● **RECORDS FOR PROCESSING**
____________
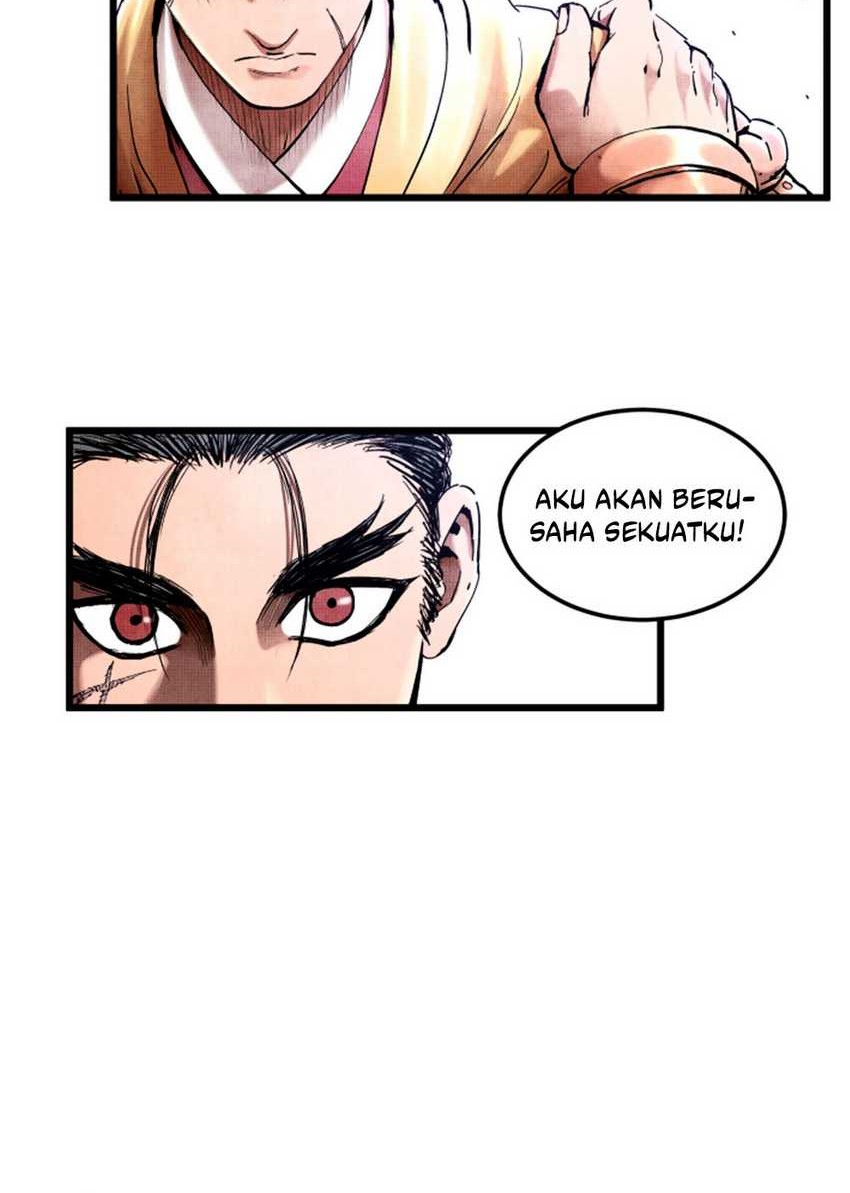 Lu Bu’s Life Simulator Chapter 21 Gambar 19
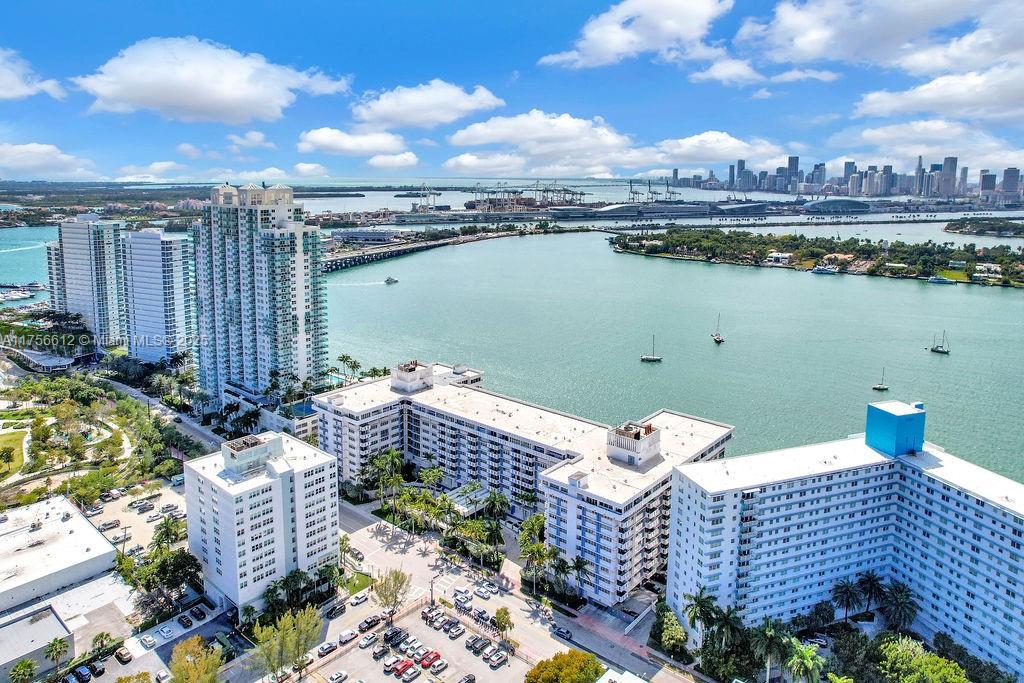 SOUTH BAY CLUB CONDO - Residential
____________
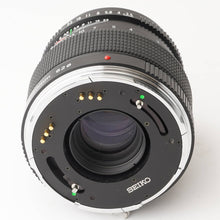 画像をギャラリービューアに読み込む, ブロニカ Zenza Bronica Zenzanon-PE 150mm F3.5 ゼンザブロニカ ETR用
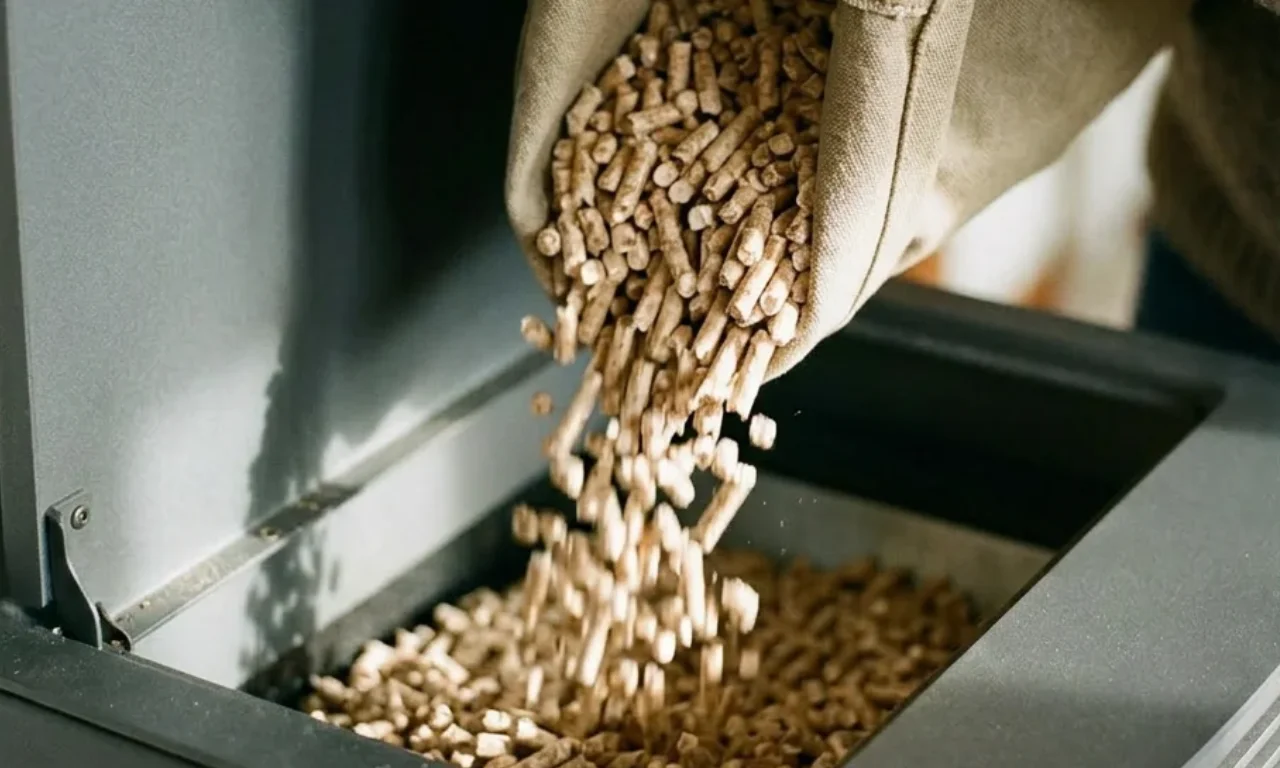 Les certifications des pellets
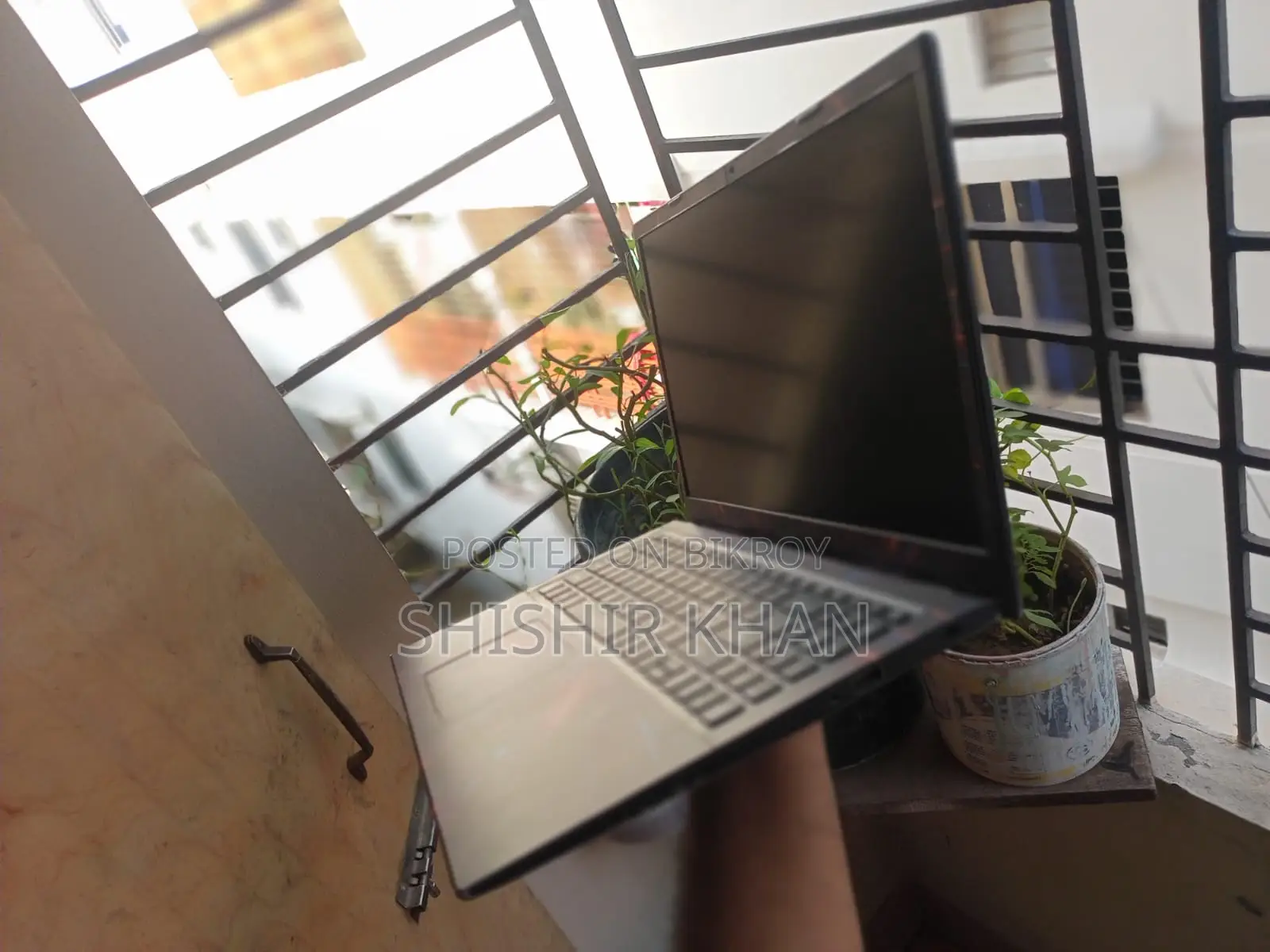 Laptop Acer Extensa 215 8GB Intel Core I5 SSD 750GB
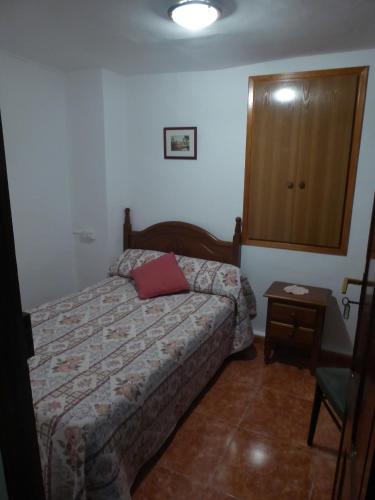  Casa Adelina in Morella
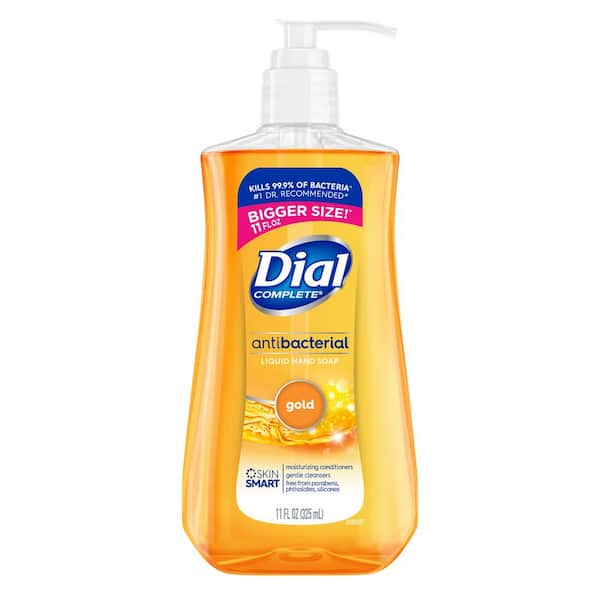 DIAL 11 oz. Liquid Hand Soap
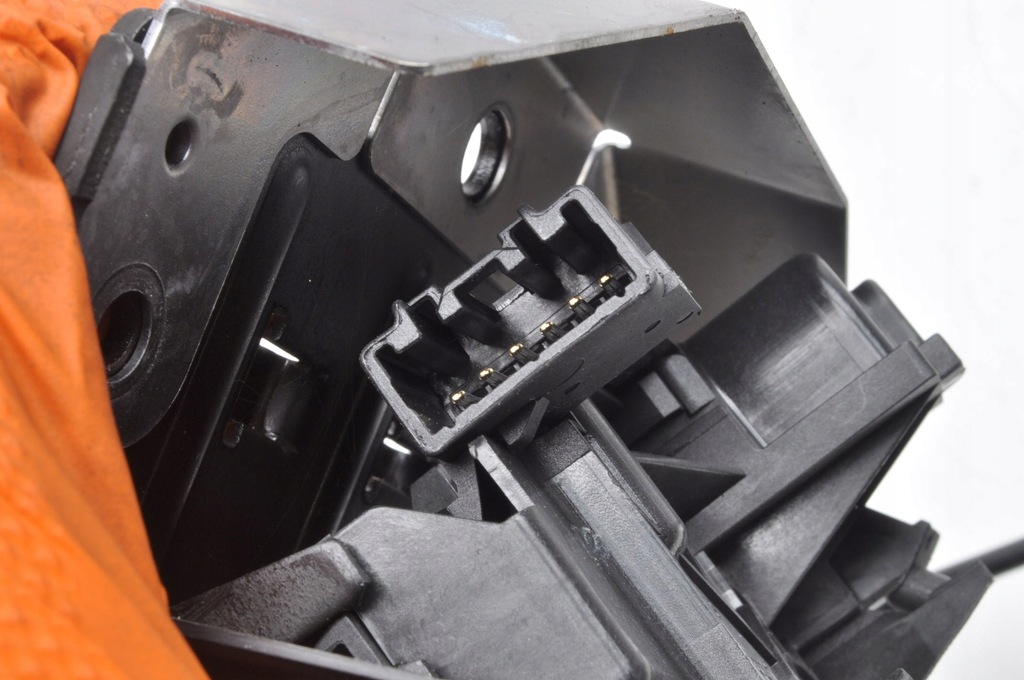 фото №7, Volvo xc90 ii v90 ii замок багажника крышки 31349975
____________
● **WHAT NEEDS TO BE DONE**
Look above for the line with "Lu Bu’s Life Simulator Chapter 21 Gambar 19" and the line with "SOUTH BAY CLUB CONDO - Residential". Give again exactly those two lines and all lines between them, pictures excluded.

● **WRITTEN RESPONSE**
 Lu Bu’s Life Simulator Chapter 21 Gambar 19
 SOUTH BAY CLUB CONDO - Residential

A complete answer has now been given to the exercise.